I have been watching the tax cases dealing with building facade easements for insight into how the IRS and the courts are reacting to the significant deductions being taken by partners in real estate partnerships. These partnerships generally buy a building, develop it, and contribute a restrictive easement to an historic preservation nonprofit organization. (See Historic Preservation Conservation Easements – A Good Tax Shelter? for more general information). There is a correct way to do this, and if done correctly, the tax deductions can be generous. Unfortunately, taxpayers sometimes push these deductions too high with inflated values.

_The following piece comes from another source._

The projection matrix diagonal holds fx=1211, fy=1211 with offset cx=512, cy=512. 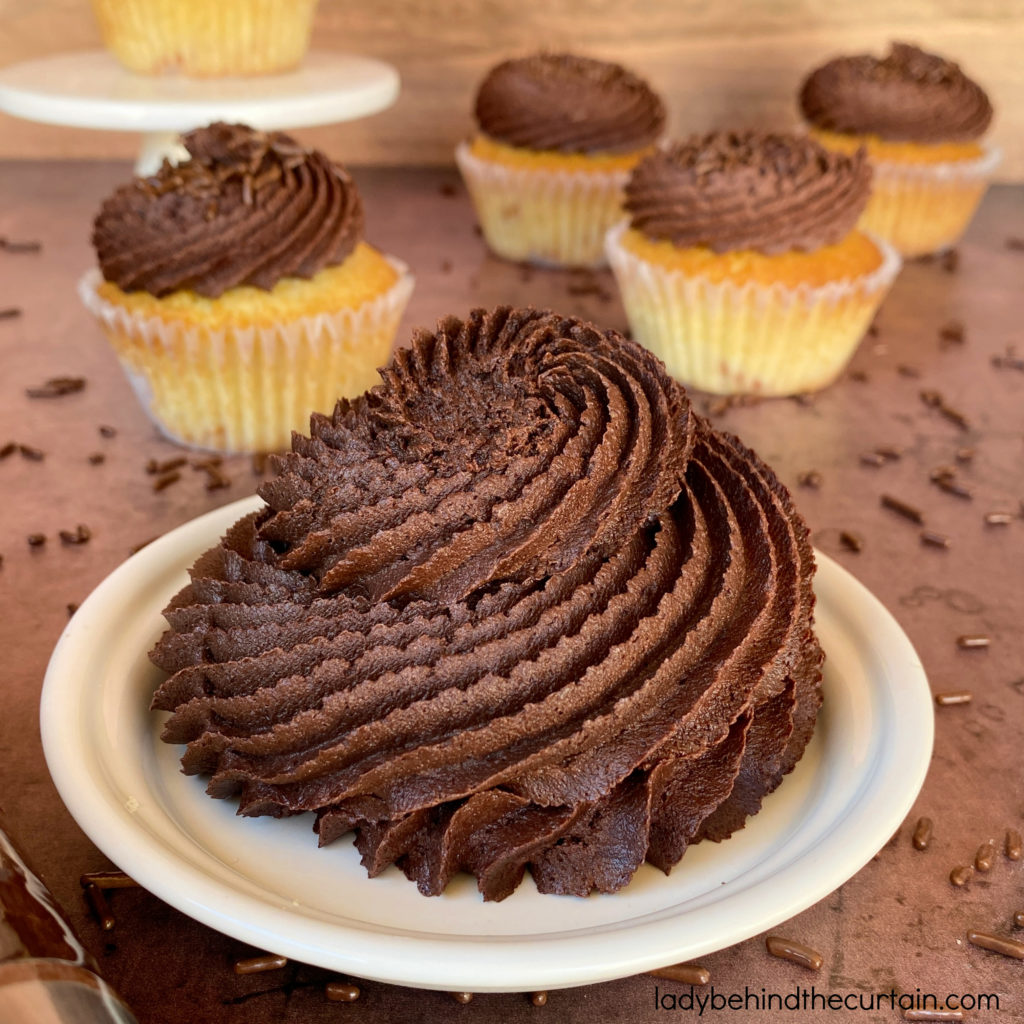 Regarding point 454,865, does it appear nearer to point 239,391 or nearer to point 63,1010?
point 63,1010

In a recent United States Tax Cout case, Whitehouse Hotel Limited Partnership, QRH Holding-New Orleans, LTD v. Commissioner of Internal Revenue, 139 T.C. No. 13 (October 23, 2012), a partnership acquired a building for $9,000,000 and just three years later received an appraisal of $7,555,000 for the restrictive facade easement it contributed to a nonprofit organization. That was 83% of the original price. The appraiser had assumed, with no evidence presented to the court, that the new value for the property, three years after it was purchased, was $87,300,000. That is an increase of 970%. The Court accepted that the property had appreciated and the easement had a value, just not as much as the taxpayer had claimed.
The interesting part of the case involved the penalty assessed against the taxpayer for using such high numbers for the values of the property and the restrictive easement. Under IRC Section 6662(a), the IRS can assess a taxpayer an accuracy related penalty equal to 20% of the understatement of tax required to be shown on the return. This applies to, among other things, a substantial valuation misstatement. If that error is considered a gross valuation misstatement, the penalty can be increased to 40%.
Penalties can be avoided if a taxpayer can demonstrate reasonable cause. (SeeIRS Penalties – Late Filing and Late Payment) That option also applies to valuation misstatements if the taxpayer can demonstrate that: 1) the claimed value was based on a qualified appraisal made by a qualified appraiser; and, 2) the taxpayer made a good faith investigation of the value of the contributed property. This second element is where it is easy for a taxpayer to fail and lose the benefit of the reasonable cause exception.
In Whitehouse, the taxpayer possessed the qualified appraisal made by a qualified appraiser, but the taxpayer did not prove that it made a good faith investigation of the value of the restrictive easement. The taxpayer argued that it had “retained eminently qualified professionals” on whom it relied and “without any further showing” that should be enough. Whitehouse, 139 T.C. No 13, 96. The Court did not accept this argument.
Relying on an expert, like an attorney or a CPA qualified in the area, can be acceptable as reasonable cause in many cases, (See IRS Penalties – Late Filing and Late Payment) but the taxpayer needs to do more for penalty relief involving valuation misstatements. The Court in Whitehouse found that for the statute to having any meaning, the taxpayer has to show it made a good faith investigation of the value of the restrictive easement. The court had no evidence that anyone made such an investigation. No one told the court that they, in good faith, investigated the claim that the property had appreciated 970% in three years and that the easement was worth 83% of what the partnership paid for the property.
The court found that the easement had a value, but much less than the taxpayer had claimed. It also found that because no one presented any evidence that the partnership conducted a good faith investigation of the value of the easement, the partnership was subject to the 40% accuracy penalty.